Menulis yang Tak Pernah Mati
Ada sebuah hadis Rasulullah yang masyhur: "Apabila manusia meninggal dunia, maka terputuslah amalannya kecuali tiga: sedekah jariyah, ilmu yang bermanfaat, dan doa anak yang saleh." (HR. Muslim).
Banyak orang memahami sedekah jariyah sebagai membangun masjid, menggali sumur, atau wakaf tanah. Semua benar. Namun, di era digital, ada bentuk sedekah jariyah lain yang jarang disadari: menulis dan membagikan ilmu di media online, termasuk Kompasiana.
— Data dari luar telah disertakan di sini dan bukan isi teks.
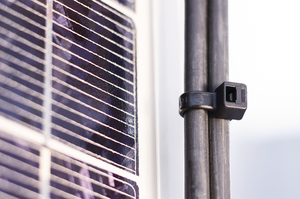 A sustainable T-Series cable tie with high resistance to chemicals and UV light.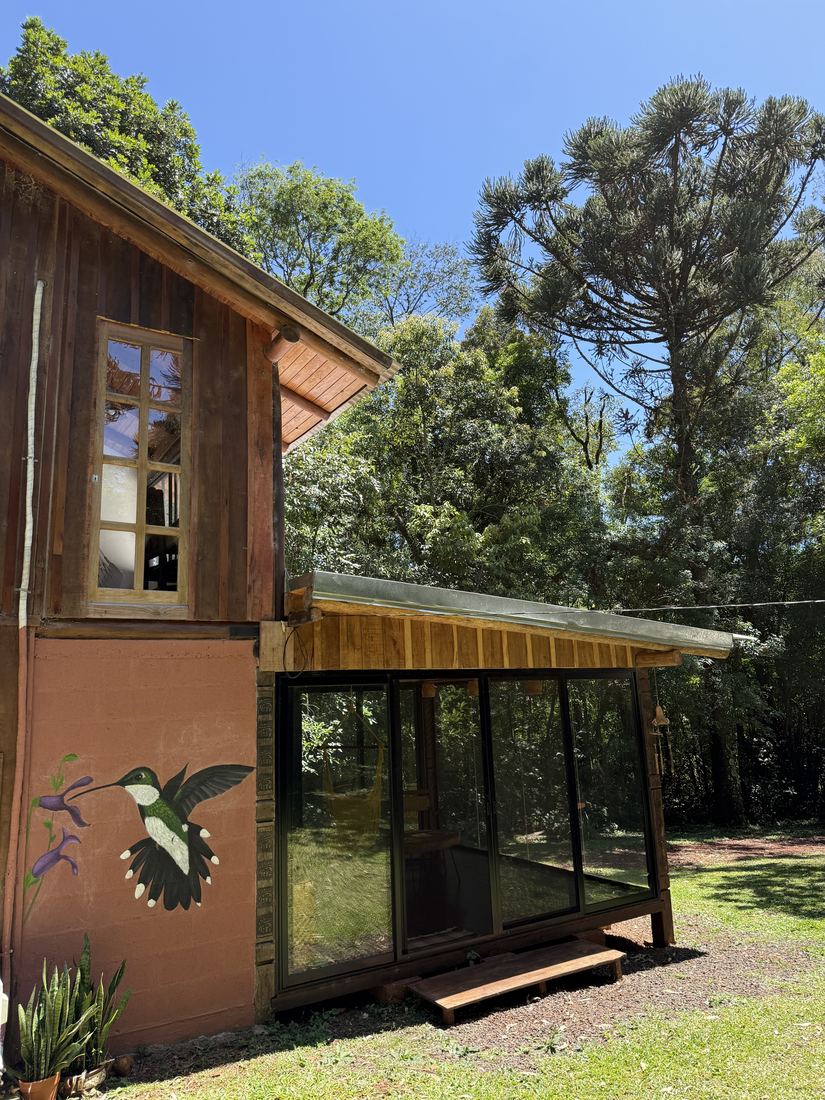 La cabaña rodeada de araucarias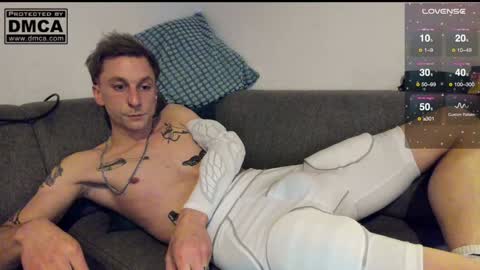 kinky_spidey online show from December 29, 5:01 pm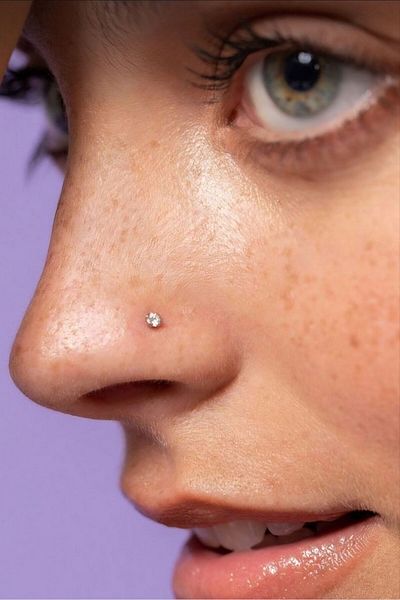 Skin colour nose stud online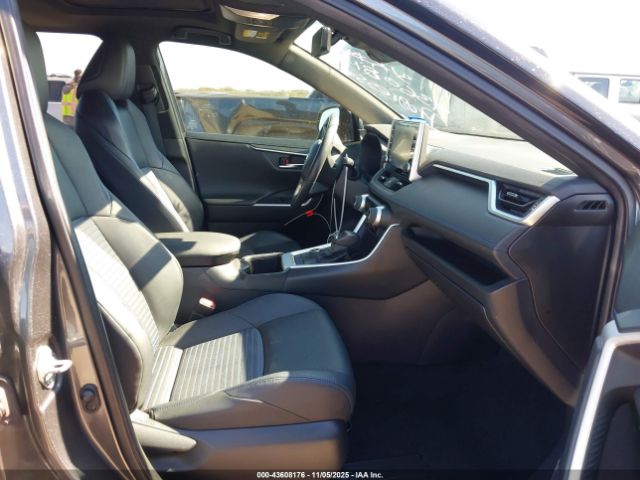 2022 TOYOTA RAV4 HYBRID JTME6RFV1ND526763 Photo 4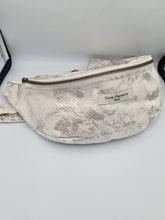 Charger l'image dans la galerie, Sac banane blanc perlé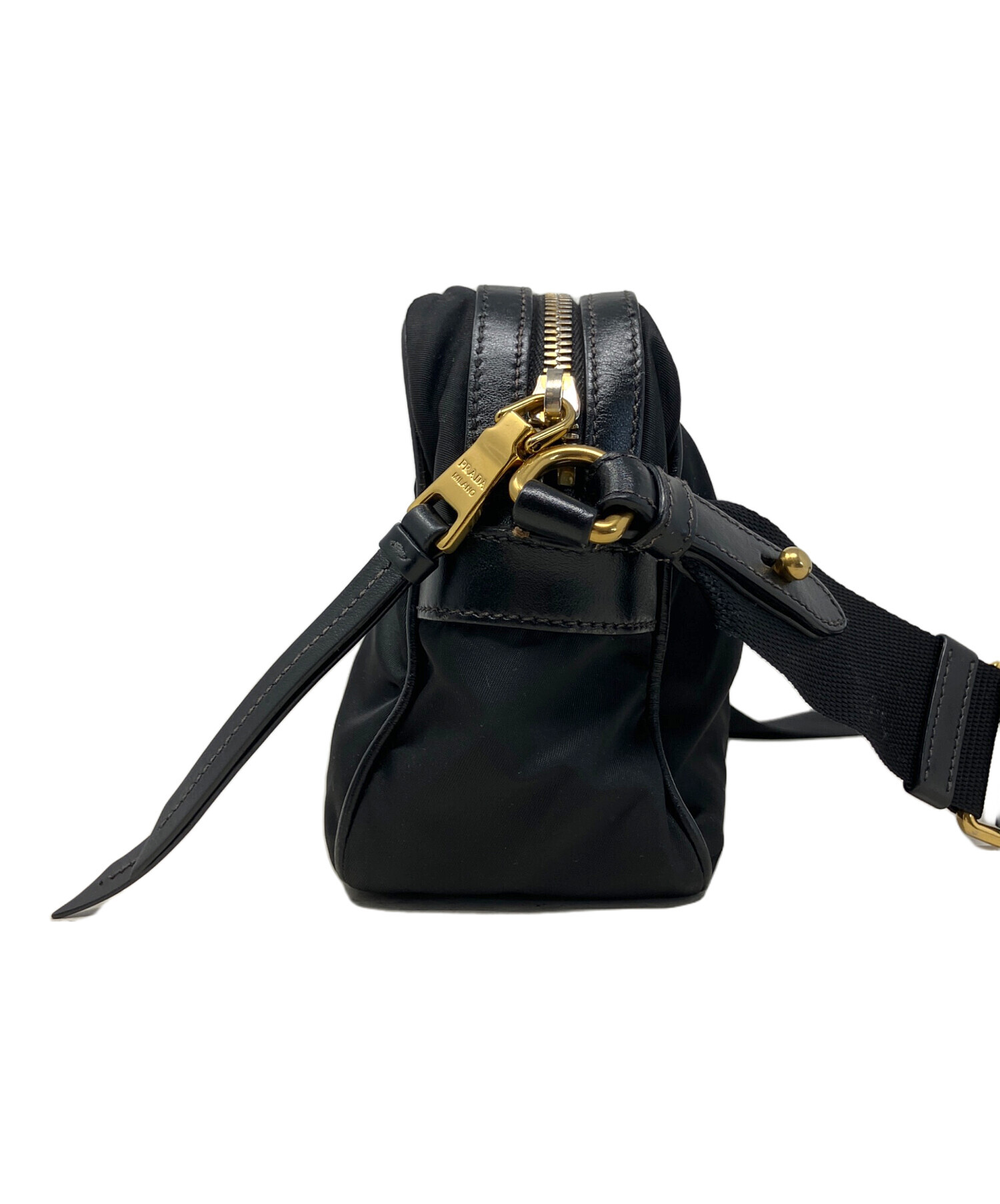 PRADA ブラック ショルダーバッグ ジャンク プラダ 中古・古着通販】PRADA (プラダ) ショルダーバッグ ブラック｜ブランド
Tulisan yang kita buat dan dibaca orang, bisa menjadi ilmu bermanfaat. Selama ada yang memetik hikmah, menyalin, atau mengamalkan isi tulisan, pahala akan terus mengalir. Inilah salah satu jalan "amal yang tak pernah mati".
Kompasiana: Ladang Kebaikan Digital
Kompasiana bukan sekadar platform menulis. Di sini ada jutaan pembaca yang beragam: pelajar, mahasiswa, pekerja kantoran, ibu rumah tangga, bahkan akademisi. Mereka mencari bacaan ringan, inspirasi, informasi, hingga analisis serius.
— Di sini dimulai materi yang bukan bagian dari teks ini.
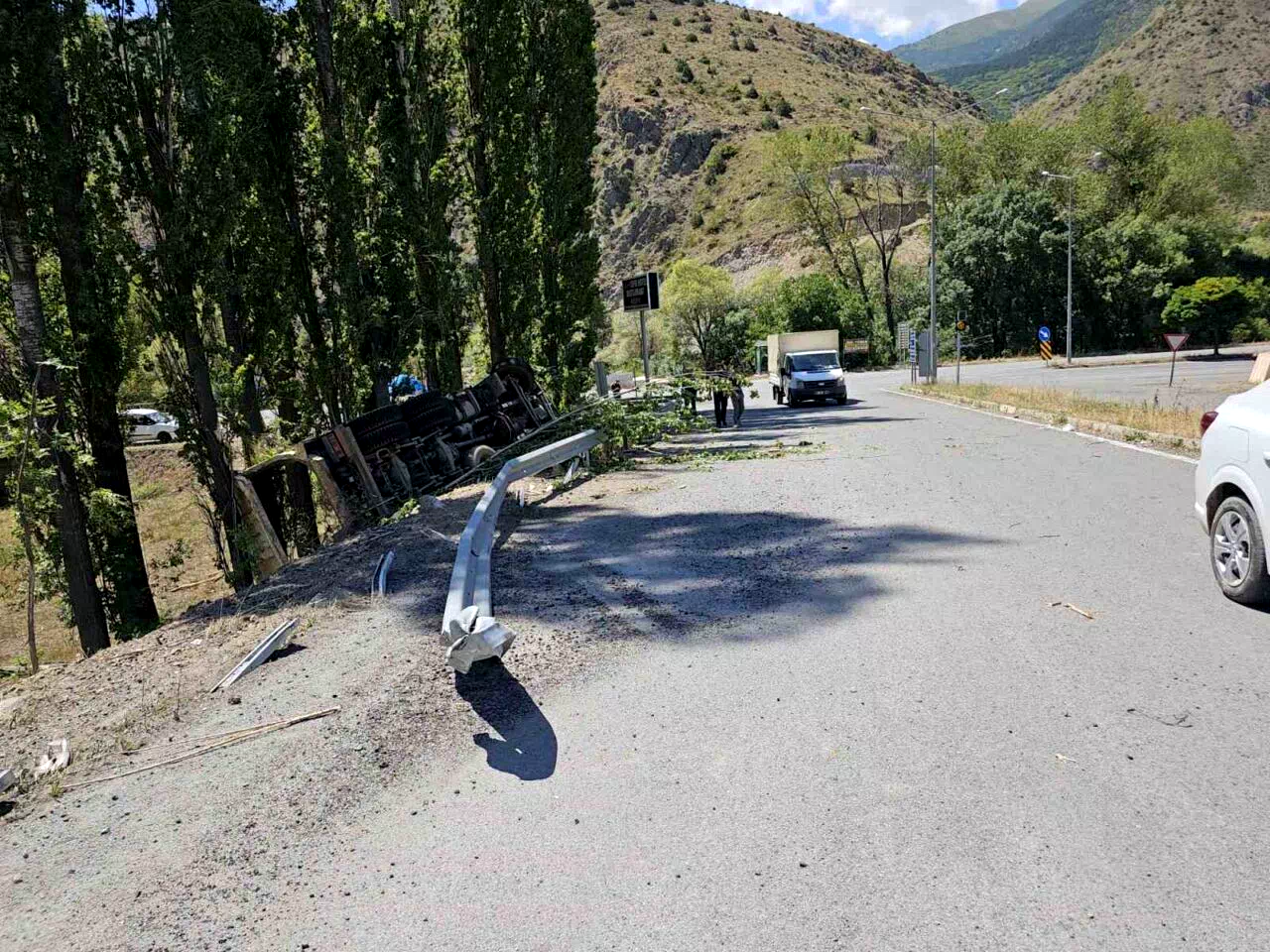 Freni boşalan kamyon uçuruma yuvarlandı: 1 ölü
Bayangkan ketika kita menulis refleksi sederhana tentang kehidupan sehari-hari: adab di jalan raya, keikhlasan dalam bekerja, pentingnya shalat tepat waktu, atau bahaya utang konsumtif. Lalu ada pembaca yang tersentuh, berubah sikap, atau mendapat motivasi. Itu artinya, tulisan kita telah menjadi amal jariyah.
Kompasiana juga memudahkan penyebaran. Artikel bisa dibagikan lewat WhatsApp, Facebook, atau Telegram. Semakin banyak tersebar, semakin luas pula potensi pahala yang mengalir.
Bagi seorang muslim, dakwah tidak selalu harus di mimbar atau masjid. Dakwah bisa lewat pena, tulisan, bahkan postingan singkat. Rasulullah bersabda:Â "Sampaikan dariku walau satu ayat." (HR. Bukhari).
Artinya, menyampaikan kebaikan tak harus menunggu jadi ulama besar. Menulis kisah sederhana tapi mengandung hikmah sudah termasuk dakwah. Misalnya, cerita pengalaman pribadi saat sabar menghadapi ujian, kisah lucu tapi penuh pelajaran, atau ulasan film dengan kacamata moral.